The recent one-sided discussions about the City Council and La Cañada Flintridge generally resisting “inclusion” are replete with hyperbole, generalities and platitudes and very short on reasonable analysis.
For example, to suggest that the manner in which the Sheriff’s Department responded to an incident in which “no crime was committed” somehow reflects poorly on LCF is ridiculous. A one-off complaint against the Sheriff’s Department does not demonstrate or establish any sort of policy or practice in LCF itself; the city did not dictate to the sheriff how that particular incident was to be investigated or resolved.

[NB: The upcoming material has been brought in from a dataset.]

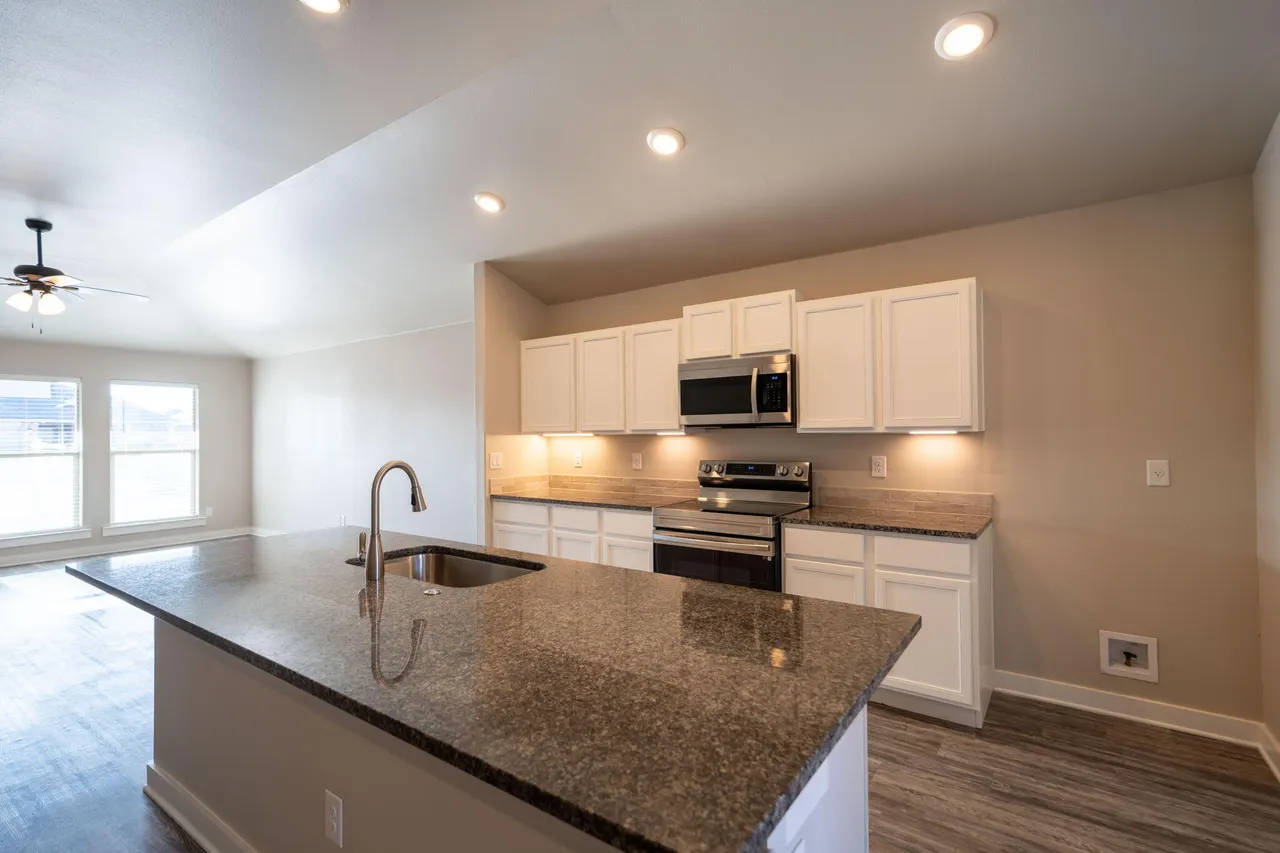Photo 15 — 13708 Avenue R, Lubbock, TX 79423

Similar broad-brush attacks against the city for “race-based rejection of new neighbors,” “a history of … racial policies,” and “our … unyielding doctrine of exclusion” are almost laughable, given their lack of real-time specifics. Most of these attacks appear to be based on old, restrictive real estate covenants — that have not been enforced in the U.S. since 1948.

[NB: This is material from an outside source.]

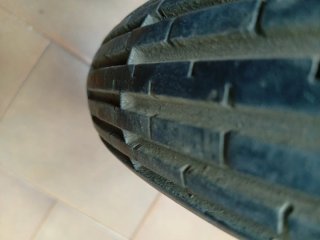 Neumático Pirelli 3.00-17 rayado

Not a single incident of race-based “exclusion” in a real estate transaction is referred to in this recent barrage of virtue-signaling. Similarly, not a single “racial policy” adopted by the City Council is referred to in any of the recent tirades leveled against the city. What, exactly, is LCF’s “unyielding doctrine of exclusion” and who is being excluded? LCF is hardly a homogenous community of “white folk” these days; judging from the school population, the community becomes more “diverse” every year.

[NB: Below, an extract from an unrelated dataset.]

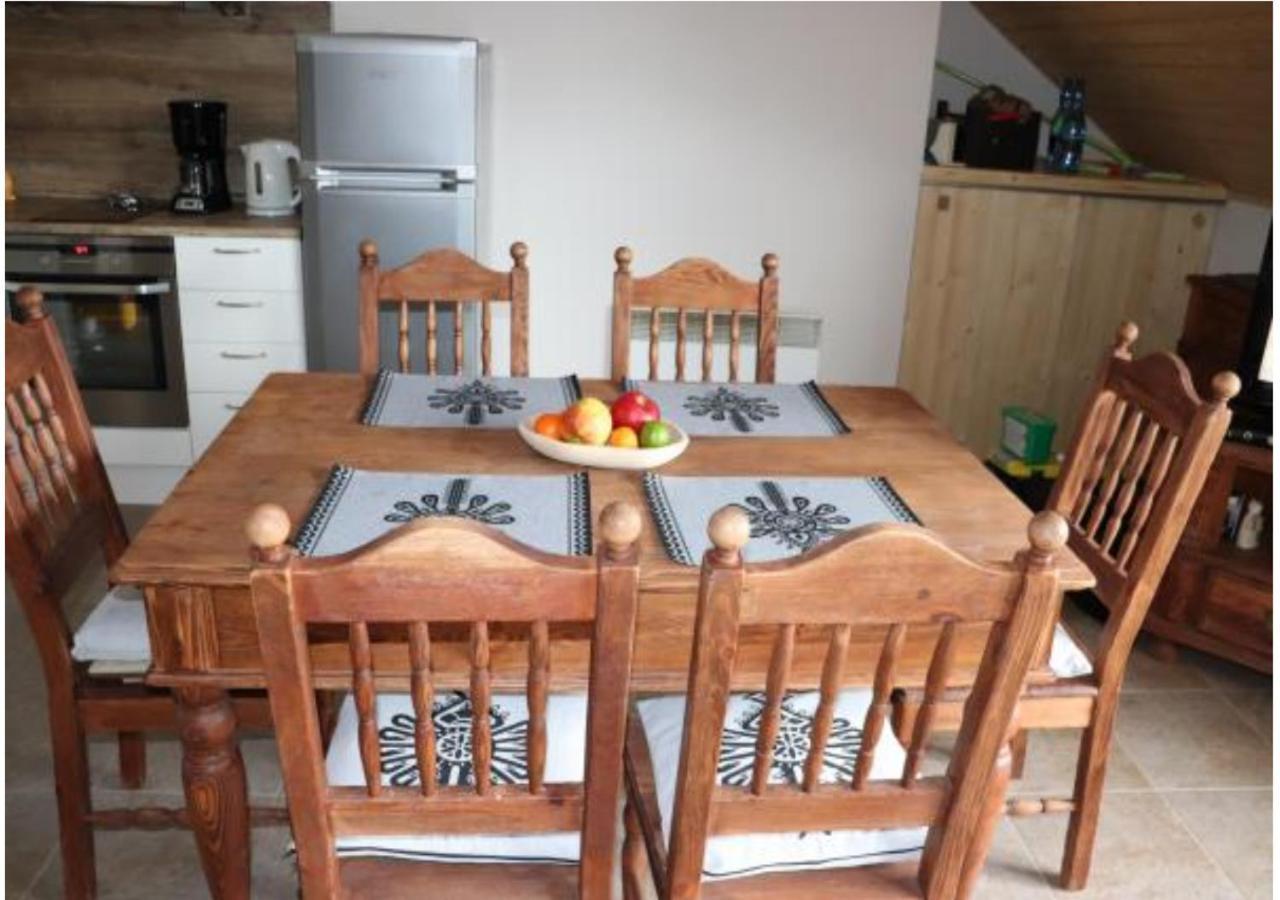 Apartament Z Basenem Кошелско Екстериор снимка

Two final thoughts: (1) I am not “embarrassed” to live in LC rather than in France. France bans students from wearing abayas and hijabs in its schools — how “inclusive” is that? (2) I am not “embarrassed” by the fact that LCF was badmouthed in commentary from The L.A. Times. The L.A. Times itself has become a journalistic embarrassment, so I am not concerned about anything that publication may write about LCF. The City Council certainly should not be making policy decisions with an eye on how the Times might react.

Glen Mertens
La Cañada Flintridge

First published in the September 28 print issue of the Outlook Valley Sun.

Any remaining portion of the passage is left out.